I would recommend contacting KMOS, Hyperion and then Eyetech. ( in that order )
Perhaps your board and A1 could share same CPU slot specs and "custom slot" specs? Perhaps you could start with the development of A1 compatible CPU module... A1 users would love to upgrade their CPU to something like 1Ghz G3 with 1Mb L2 or 1.6Ghz G4.
Perhaps Eyetech would be interested in distributing (also) your board?
Other valuable partners could be Individual Computers and Elbox.
Also, how about letting Mac CPU card's to work on your motherboard?
Especially if KMOS & co do not pay any attention, head towards AROS as the development phase OS....
and..... one idea, even if it will never make profit ... simple G3 card for Amiga1200...
I have been having thoughts about what I would do if I had to create a computer from scratch.
At the moment G5 appears quite power-hungry - I don't know if this is the way I would want to go. Looking at the amount of low-power support out there I was having some pretty wild thoughts. Why not a modular G4 design?
I was thinking of something radically modular, connected only by external power and PCI-Express bus. I know the chipsets aren't there yet, especially for PowerPC but one has to dream... :)
Perhaps a very basic A500-style system could have the following: - External power brick (or internal power supply) - Core single-processor module This is where the BIOS, memory and bus controller live - Basic i/o module (includes hard drive) - Basic graphics module
There could be a master A500-style case to hold these 'raw' modules.
Each of these modules could be a fairly skimpy circuit board. The trick is they all talk over PCI-Express and each module is SMALL and LOW POWER. No more great honking huge PCI connectors. No heatsinks. No fans. If you want a radically fast graphics card then that particular module would have to do its own cooling separately from the rest of the system. If you want to upgrade your processor you replace that module. Sound familiar?
A more sophisticated system could be built up from: - External brick or beefier power module - Core single or dual-processor modules (perhaps more than one in a system - they would have to negotiate over the PCI-Express bus - lots'o'fun for the OS) - Separate I/O module with lots of fancy stuff like Firewire, USB, 6-channel audio, mouse (two?), keyboard, infrared, etc... - Separate high-end graphics module - Separate high-end disk i/o module (RAID, caching, mirroring, etc.)
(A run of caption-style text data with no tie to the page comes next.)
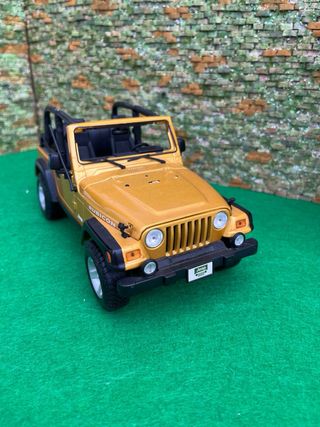 Jeep Wrangler Rubicon 2003 – Maisto – Escala 1:18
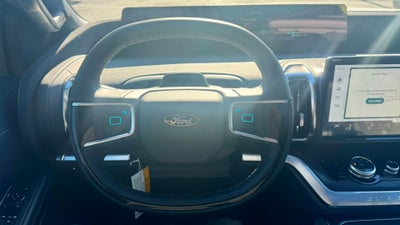 2025 Ford Expedition Platinum®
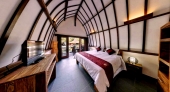 Oceans 5 Dive Resort Gili Air Indonesia pool bungalow.jpg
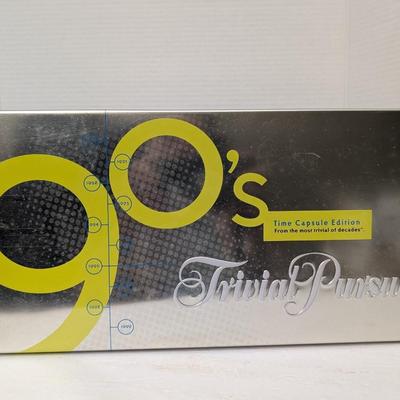 Trivial Pursuit 90s Time Capsule Edition Board Game In Collectible Tin By Parker Brothers New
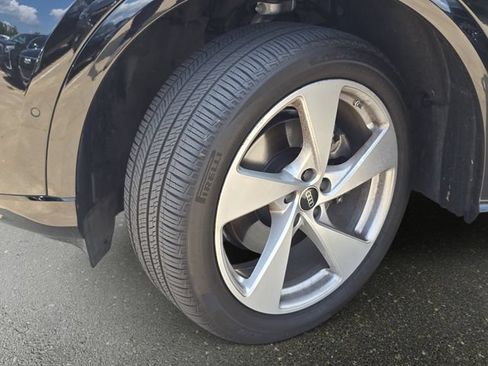 Used 2025 Audi Q5 Premium Plus w/ Premium Plus AWD/4WD image 36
Perhaps some of these modules would simply have a PCI-Express connector internally and you could plug in off-the-shelf cards?
If you wanted 4 video displays you could plug in 4 display modules.
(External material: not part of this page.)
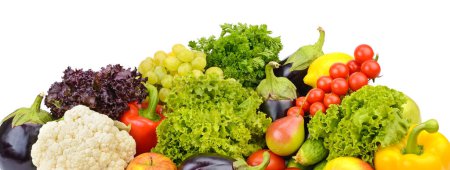 Téléchargez les photos : Bright tasty vegetables and fruits isolated on white background. - en image libre de droit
Want lots and lots of I/O connectors? Plug in multiple modules.
These could be 'stacked' inside custom (injection-moulded?) micro-pizza boxes perhaps only 4" x 6" x 1" so you would build up a tower. You could also design a rack-mount enclosure to contain n modules as required.
Heck make the modules small and low-power enough and it isn't too far-fetched to progress to a laptop design.
Nifty add-on modules could include: - Back-up battery system - Solid-state storage (multiple slots for flash media)
This is a lot of design work and probably not worth doing at all but I figured it could be kicked around by smarter folks than I.
There's a big brain-dump. Have fun ripping it to shreds...
I think it sounds like a good ideal. And if I remeber correctly amiga.org was offering to host amiga related sites for free at one time. I don't know if the offer still stands, but you can check. (Some one correct me if I was wrong about the hosting)
Well, it sounds like a nice concept... I think that Hyperion are the ones to speak with in terms of OS4 being licensed and ported. Good luck with this project.